The hdxms_datasets package features a central DataVault object, which is used to fetch datasets from an online database to a local cache dir, as well as parse those locally saved peptide sets into a pandas DataFrame.

Basic usage

from hdxms_datasets import DataVault

# Creating a DataVault without giving a cache path name uses $home/.hdxms_datasets by default
vault = DataVault()

# Download a remote dataset to the local cache
vault.fetch_dataset("20221007_1530_SecA_Krishnamurthy")

# Load the dataset
ds = vault.load_dataset("20221007_1530_SecA_Krishnamurthy")

# Print a string describing the states in the dataset
print(ds.describe())

# Load FD control peptides as a pandas DataFrame
fd_control = ds.load_peptides(0, "FD_control") 

# Load experimental peptides as pandas dataframe
peptides = ds.load_peptides(0, 'experiment')

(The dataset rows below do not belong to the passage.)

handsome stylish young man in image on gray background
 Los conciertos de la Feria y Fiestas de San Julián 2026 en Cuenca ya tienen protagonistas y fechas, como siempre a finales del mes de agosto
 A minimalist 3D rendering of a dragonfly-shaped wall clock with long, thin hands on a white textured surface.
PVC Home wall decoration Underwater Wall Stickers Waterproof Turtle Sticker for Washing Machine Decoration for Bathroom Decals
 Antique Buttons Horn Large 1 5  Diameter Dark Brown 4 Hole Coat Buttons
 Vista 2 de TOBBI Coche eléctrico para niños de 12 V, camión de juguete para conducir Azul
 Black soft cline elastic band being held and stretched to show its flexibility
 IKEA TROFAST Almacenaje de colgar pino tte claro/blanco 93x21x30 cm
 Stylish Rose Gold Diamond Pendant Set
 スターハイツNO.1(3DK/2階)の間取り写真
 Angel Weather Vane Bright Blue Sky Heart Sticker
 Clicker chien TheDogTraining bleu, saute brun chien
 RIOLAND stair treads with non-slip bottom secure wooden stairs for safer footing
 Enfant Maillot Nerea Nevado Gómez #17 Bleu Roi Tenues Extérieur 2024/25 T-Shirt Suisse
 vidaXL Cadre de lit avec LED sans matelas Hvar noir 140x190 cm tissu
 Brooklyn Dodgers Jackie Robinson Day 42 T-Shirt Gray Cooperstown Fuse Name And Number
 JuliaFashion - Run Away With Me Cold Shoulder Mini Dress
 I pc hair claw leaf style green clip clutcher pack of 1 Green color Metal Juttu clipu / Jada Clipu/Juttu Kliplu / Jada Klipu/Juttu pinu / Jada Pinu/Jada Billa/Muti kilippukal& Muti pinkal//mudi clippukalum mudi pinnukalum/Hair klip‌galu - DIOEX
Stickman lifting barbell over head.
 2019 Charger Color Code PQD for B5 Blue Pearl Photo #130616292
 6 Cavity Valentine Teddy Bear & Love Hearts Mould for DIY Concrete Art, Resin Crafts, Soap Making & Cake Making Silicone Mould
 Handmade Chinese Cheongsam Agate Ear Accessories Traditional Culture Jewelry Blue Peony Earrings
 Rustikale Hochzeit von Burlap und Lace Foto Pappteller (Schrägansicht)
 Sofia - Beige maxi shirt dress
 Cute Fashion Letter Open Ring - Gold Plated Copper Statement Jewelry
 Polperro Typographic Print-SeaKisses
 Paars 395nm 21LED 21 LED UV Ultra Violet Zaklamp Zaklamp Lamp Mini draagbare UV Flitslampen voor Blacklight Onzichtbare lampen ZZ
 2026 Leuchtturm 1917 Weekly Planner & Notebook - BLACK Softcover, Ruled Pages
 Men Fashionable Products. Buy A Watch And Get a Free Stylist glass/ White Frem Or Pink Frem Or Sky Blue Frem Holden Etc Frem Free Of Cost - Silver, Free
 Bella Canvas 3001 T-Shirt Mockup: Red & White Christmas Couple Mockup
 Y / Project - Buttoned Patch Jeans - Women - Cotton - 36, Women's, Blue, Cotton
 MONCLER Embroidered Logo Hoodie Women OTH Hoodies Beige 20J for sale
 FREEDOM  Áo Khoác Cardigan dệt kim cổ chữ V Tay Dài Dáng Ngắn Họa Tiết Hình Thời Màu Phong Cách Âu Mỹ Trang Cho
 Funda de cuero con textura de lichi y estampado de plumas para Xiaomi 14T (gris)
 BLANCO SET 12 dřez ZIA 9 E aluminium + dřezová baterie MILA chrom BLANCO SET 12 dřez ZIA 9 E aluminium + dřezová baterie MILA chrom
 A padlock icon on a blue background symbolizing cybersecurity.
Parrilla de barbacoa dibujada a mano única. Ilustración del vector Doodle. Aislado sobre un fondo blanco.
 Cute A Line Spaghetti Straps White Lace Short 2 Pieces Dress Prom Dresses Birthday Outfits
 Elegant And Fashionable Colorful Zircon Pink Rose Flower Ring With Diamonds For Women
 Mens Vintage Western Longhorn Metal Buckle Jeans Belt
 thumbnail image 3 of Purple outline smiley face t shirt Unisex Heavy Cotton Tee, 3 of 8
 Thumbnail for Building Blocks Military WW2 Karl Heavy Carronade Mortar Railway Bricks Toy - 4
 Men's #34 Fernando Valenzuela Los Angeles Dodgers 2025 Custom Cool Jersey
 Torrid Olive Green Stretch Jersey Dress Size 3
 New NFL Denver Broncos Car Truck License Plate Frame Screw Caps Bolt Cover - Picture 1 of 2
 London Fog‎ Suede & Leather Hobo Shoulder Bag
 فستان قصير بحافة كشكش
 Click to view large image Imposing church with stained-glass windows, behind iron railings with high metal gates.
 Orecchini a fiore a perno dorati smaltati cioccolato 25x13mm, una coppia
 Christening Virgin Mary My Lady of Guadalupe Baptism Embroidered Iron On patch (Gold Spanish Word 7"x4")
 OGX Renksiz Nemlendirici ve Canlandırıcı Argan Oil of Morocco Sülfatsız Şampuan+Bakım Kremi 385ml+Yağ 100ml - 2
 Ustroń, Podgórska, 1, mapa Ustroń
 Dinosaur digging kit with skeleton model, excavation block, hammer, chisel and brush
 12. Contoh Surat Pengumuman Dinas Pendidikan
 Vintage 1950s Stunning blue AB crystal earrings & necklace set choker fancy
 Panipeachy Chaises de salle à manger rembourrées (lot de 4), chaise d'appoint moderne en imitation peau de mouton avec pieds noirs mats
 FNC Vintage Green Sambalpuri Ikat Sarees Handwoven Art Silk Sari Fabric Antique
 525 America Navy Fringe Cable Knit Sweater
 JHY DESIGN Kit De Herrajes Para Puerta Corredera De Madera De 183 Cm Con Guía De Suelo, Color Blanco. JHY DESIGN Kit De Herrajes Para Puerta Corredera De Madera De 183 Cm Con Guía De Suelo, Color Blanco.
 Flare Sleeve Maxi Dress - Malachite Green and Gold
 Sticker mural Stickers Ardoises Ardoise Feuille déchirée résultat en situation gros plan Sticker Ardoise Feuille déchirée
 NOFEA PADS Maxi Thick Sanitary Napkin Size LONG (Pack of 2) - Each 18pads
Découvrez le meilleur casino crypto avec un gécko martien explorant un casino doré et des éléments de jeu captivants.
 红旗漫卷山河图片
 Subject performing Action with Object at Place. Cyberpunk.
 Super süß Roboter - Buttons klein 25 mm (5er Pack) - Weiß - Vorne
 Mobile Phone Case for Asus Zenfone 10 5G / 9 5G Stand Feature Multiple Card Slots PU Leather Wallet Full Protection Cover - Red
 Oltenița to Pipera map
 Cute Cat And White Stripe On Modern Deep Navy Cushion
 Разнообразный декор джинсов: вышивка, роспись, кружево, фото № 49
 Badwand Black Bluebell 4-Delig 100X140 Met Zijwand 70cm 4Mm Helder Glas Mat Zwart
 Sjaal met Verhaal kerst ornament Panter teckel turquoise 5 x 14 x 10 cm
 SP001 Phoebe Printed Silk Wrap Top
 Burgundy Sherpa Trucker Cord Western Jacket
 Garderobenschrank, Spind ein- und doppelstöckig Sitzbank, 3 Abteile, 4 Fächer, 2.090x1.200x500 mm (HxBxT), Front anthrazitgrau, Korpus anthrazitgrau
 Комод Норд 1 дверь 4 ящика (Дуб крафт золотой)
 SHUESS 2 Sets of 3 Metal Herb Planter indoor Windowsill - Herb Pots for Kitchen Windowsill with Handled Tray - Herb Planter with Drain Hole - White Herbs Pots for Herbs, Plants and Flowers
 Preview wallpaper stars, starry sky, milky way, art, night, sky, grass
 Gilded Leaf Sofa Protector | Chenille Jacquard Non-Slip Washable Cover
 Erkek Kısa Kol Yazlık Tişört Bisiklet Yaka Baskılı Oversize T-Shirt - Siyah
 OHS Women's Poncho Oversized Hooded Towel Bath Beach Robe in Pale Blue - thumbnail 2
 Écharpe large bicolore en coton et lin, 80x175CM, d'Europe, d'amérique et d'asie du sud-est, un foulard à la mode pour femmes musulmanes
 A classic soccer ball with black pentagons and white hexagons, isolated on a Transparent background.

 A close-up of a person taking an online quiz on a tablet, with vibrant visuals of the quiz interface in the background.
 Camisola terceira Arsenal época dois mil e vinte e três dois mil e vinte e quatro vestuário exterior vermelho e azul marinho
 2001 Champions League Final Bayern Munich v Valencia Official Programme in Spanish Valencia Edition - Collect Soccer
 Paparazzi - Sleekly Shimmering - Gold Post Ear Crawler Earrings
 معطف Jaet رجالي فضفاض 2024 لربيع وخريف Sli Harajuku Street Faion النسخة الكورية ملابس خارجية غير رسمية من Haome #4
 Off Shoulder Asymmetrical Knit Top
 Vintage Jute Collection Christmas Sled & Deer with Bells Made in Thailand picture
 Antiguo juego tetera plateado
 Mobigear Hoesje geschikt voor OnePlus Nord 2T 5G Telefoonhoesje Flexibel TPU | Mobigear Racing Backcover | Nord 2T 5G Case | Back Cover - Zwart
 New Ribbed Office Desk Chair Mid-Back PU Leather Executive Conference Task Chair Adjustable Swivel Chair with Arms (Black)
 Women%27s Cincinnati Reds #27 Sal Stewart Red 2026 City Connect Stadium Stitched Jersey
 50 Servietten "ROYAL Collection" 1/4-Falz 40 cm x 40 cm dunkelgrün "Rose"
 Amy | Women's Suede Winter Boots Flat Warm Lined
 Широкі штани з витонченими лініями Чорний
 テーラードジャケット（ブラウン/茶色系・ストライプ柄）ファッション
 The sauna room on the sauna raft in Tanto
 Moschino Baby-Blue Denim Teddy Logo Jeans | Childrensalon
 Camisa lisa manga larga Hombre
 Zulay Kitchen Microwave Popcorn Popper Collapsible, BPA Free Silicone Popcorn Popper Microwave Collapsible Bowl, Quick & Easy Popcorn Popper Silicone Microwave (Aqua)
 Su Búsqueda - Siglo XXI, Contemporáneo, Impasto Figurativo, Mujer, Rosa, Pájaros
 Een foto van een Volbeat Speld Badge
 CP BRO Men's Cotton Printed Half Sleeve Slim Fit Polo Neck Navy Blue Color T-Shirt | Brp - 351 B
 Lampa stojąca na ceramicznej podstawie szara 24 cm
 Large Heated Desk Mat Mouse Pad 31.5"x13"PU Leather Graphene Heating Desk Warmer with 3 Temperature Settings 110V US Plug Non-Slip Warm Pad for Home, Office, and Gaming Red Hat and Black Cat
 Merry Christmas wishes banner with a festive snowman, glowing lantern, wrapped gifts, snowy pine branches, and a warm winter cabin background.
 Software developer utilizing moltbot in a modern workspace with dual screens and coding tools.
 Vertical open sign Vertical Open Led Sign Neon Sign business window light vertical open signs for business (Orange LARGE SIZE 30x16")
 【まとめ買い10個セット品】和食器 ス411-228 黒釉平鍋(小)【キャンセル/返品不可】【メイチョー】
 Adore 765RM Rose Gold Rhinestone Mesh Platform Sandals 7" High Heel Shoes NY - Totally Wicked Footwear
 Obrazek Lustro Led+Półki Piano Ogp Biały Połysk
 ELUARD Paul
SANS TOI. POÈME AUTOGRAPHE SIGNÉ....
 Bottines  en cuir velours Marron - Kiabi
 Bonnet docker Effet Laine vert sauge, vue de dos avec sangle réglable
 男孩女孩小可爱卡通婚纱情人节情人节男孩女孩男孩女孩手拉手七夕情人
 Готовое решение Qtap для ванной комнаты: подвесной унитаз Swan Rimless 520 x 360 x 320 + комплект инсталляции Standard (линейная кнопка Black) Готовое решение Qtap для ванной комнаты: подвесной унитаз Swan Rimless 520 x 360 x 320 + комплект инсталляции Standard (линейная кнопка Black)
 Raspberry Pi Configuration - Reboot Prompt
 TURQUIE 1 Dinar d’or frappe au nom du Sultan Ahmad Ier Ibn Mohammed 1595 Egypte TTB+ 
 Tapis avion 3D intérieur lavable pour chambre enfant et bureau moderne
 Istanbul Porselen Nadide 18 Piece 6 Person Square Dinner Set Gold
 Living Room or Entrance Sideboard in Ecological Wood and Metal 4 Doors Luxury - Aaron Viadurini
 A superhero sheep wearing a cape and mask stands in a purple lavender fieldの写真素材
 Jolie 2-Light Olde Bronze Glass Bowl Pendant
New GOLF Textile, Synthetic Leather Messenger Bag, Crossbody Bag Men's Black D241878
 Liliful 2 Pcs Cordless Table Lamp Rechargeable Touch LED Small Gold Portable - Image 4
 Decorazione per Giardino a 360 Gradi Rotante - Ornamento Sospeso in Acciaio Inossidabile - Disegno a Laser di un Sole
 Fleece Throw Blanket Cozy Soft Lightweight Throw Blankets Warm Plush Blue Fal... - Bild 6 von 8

The code above initiates a DataVault object, thereby creating a cache directory in the default location (~/.hdxms_datasets/datasets) if it does not yet exist. Then the dataset "20221007_1530_SecA_Krishnamurthy" is fetched from the database and stored in the cache dir.

Datavault.load_dataset loads the dataset which is returned as HDXDataSet object. From the HDXDataSet object, users can load peptides from the available states. In the example, the Fully Deuterated control peptides are loaded from the first HDX state as a pandas DataFrame. The experimental peptides are loaded in the same way.